In 2007, La Perla launched the Cage Bustier worn by Victoria Beckham in the video of "Headlines", the Spice Girls' reunion song. A capsule Cage collection was later launched, including the Cage top, which was worn by Beyoncé for her 2014 Grammy Awards performance. In 2011, La Perla collaborated with French couturier Jean Paul Gaultier. That same year, La Perla entered the shapewear sector with ShapeCouture, featuring distinctive tailored cuts, tulle inserts and openwork finishes.

=== Changes in ownership (2008-2018) ===
In October 2008, La Perla was sold to JH Partners, a San Francisco-based private equity firm focused on investments in services companies and luxury brands. After being acquired by Italian entrepreneur Silvio Scaglia and Pacific Global Management at an auction in July 2013 for €69 million, it was relaunched with a development strategy aimed at consolidating the identity of the brand.

In May 2014, the brand faced complaints following the use of mannequins depicting visible ribs and concave stomachs in its New York store; the mannequins were later removed. In June, it held the first menswear catwalk show at Pitti Uomo in Florence, presenting a loungewear and Beachwear collection.

In 2015, La Perla's first Atelier collection was shown during Couture Fashion Week in Paris; with this being the brand's first runway show there. In January 2018, a month of talks to be acquired by Fosun International ended in failure, as the Chinese company demonstrated its intention to transfer production to China.

After his Sapinda Group acquired La Perla in February 2018, Lars Windhorst announced Sapinda's pledge to maintain production at the company's plants in Portugal and Italy. In addition to receiving a new development strategy when it was relaunched, La Perla launched a made-to-measure collection at its flagship stores that same year, incorporating made-to-order lingerie.

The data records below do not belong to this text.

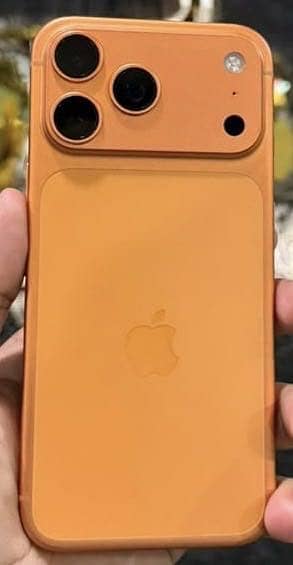Apple iPhone 17 Pro Max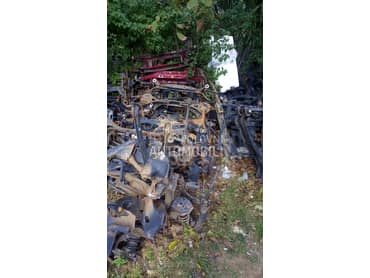 ford prednji i zadnji trap za Ford C-Max, Courier, Escort ... od 1980. do 2014. god.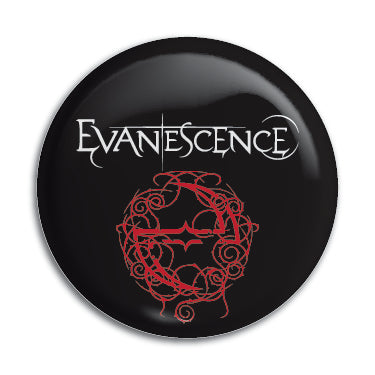 Evanescence 1" Button / Pin / Badge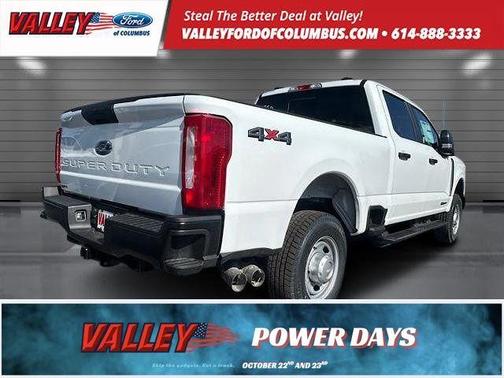 2025 Ford F-250 XL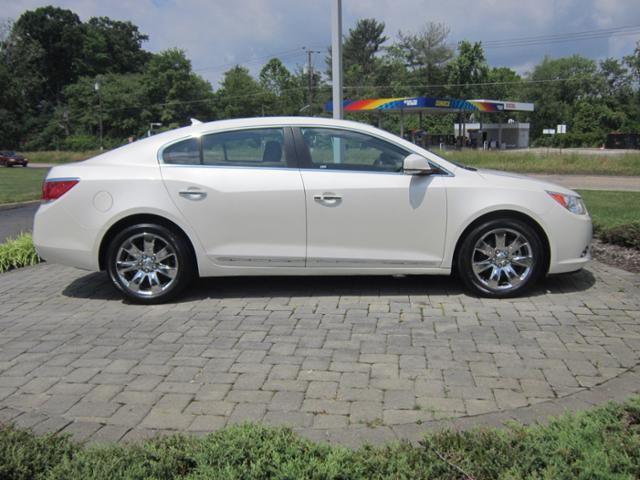 2010 Buick LaCrosse 2500 QUAD SLT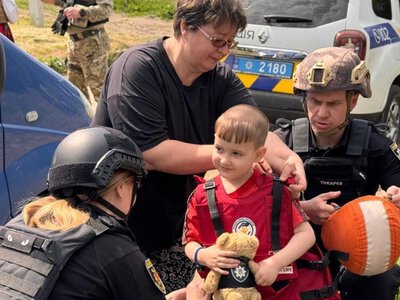 Із дев’яти сіл Запорізького району примусово евакуюють дітей: перелік населених пунктів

Julia Haart was appointed creative director of La Perla in 2016 and held the role for a year, after working with the brand on accessories collaborations for two seasons. Its creative director and Chief Design Officer is Italian-American designer Nicole Rendone, who joined La Perla in 2021; left in 2023

=== Acquisition by Peter Kern (2025) ===
In February 2024, La Perla Manufacturing was declared insolvent months after La Perla Global Management (UK) went into liquidation. The following month, the firm appointed administrators in the UK.

In June 2025, it was reported that La Perla would be acquired by Peter Kern, saving it from liquidation. Four months later, it was announced that Kern had made the purchase, making the brand part of a company owned by his investment firm Luxury Holding.

==Publications==

In 1997, collaborations with Italian photographer Marino Parisotto resulted in the publication of a photographic volume, Senso, portraying new La Perla styles. Senso was dedicated to the world of corsetry seen through the female gaze.

In 2012, Rizzoli New York City published La Perla. Lingerie & Desire, the first monographic book dedicated to the brand and its evolution over almost sixty years. Some chapters are dedicated to the history of the La Perla products, marketing (the origins, the 1960s, the 1970s, the 1980s and the 1990s) and advertorial images, while others are linked to "symbolic aesthetic concepts" such as Black, White, Body, Inspirations, Precious and Eros.